#### Input data ####

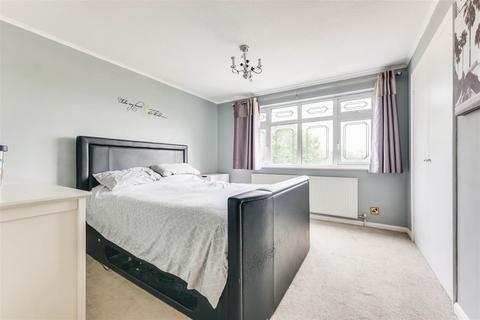 443 Church Road, Benfleet, SS7 3HG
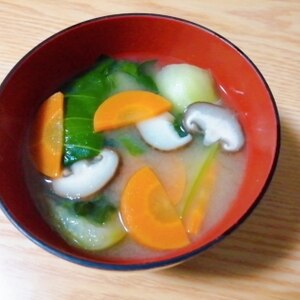 チンゲン菜と椎茸にんじんの味噌汁
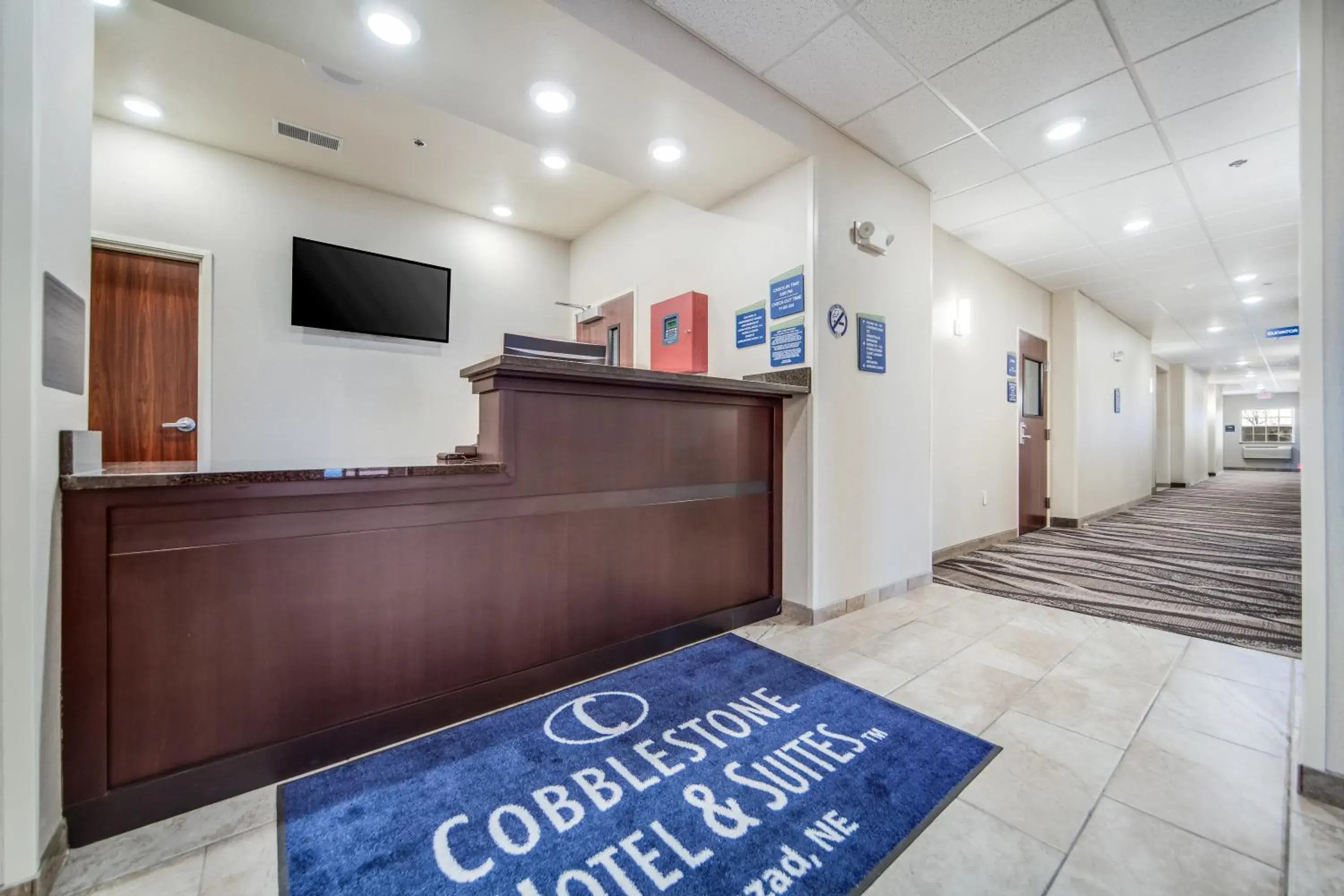 Lobby or reception in Cobblestone Hotel & Suites - Cozad Lobby or reception in Cobblestone Hotel & Suites - Cozad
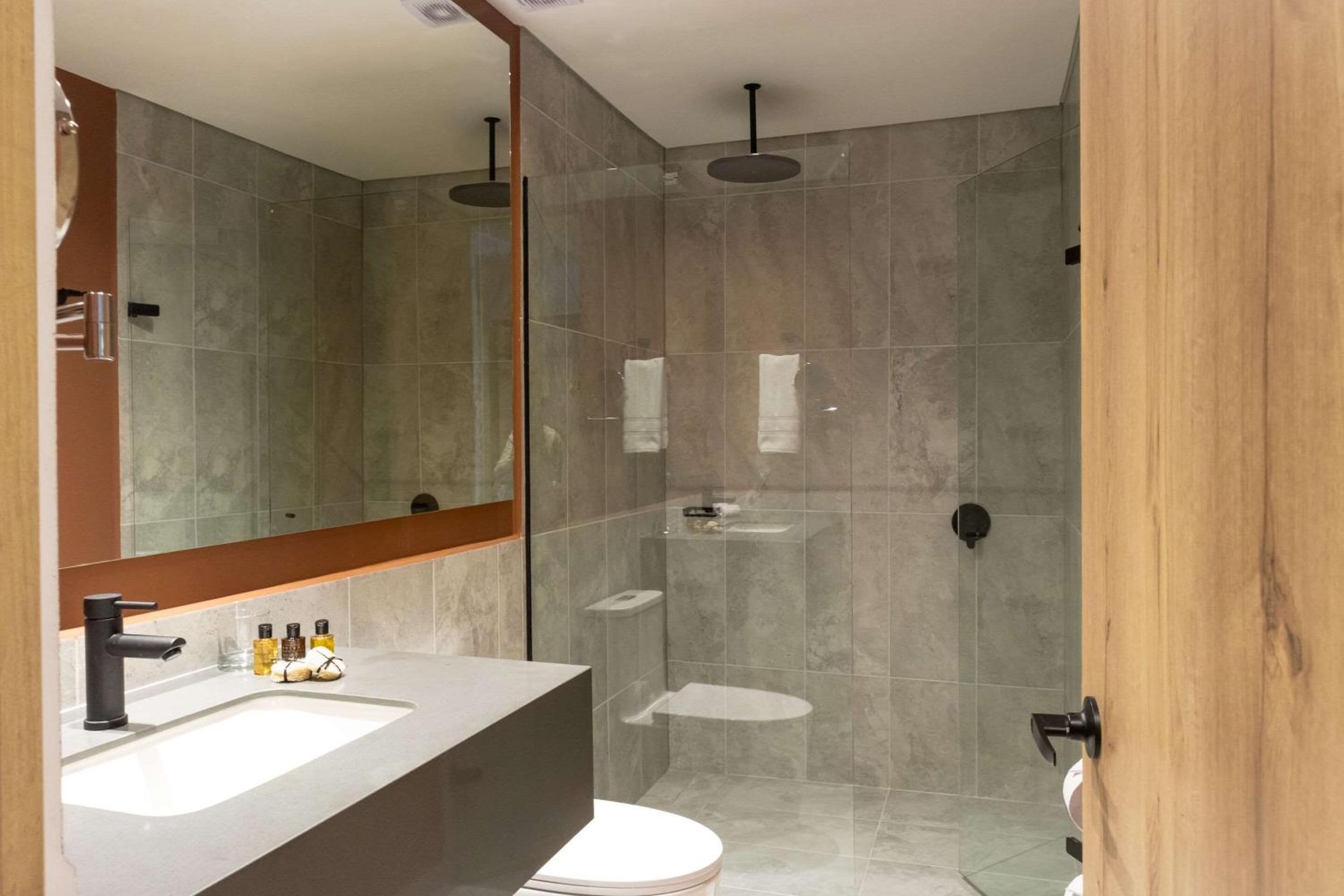 2 Queen Beds Studio photo 2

####

* **Task to complete**
The lines from the one containing "チンゲン菜と椎茸にんじんの味噌汁" through the last line of the data above are to be transcribed exactly, both included, with all pictures left out.

* **Exercise output**
 チンゲン菜と椎茸にんじんの味噌汁
 Lobby or reception in Cobblestone Hotel & Suites - Cozad Lobby or reception in Cobblestone Hotel & Suites - Cozad
 2 Queen Beds Studio photo 2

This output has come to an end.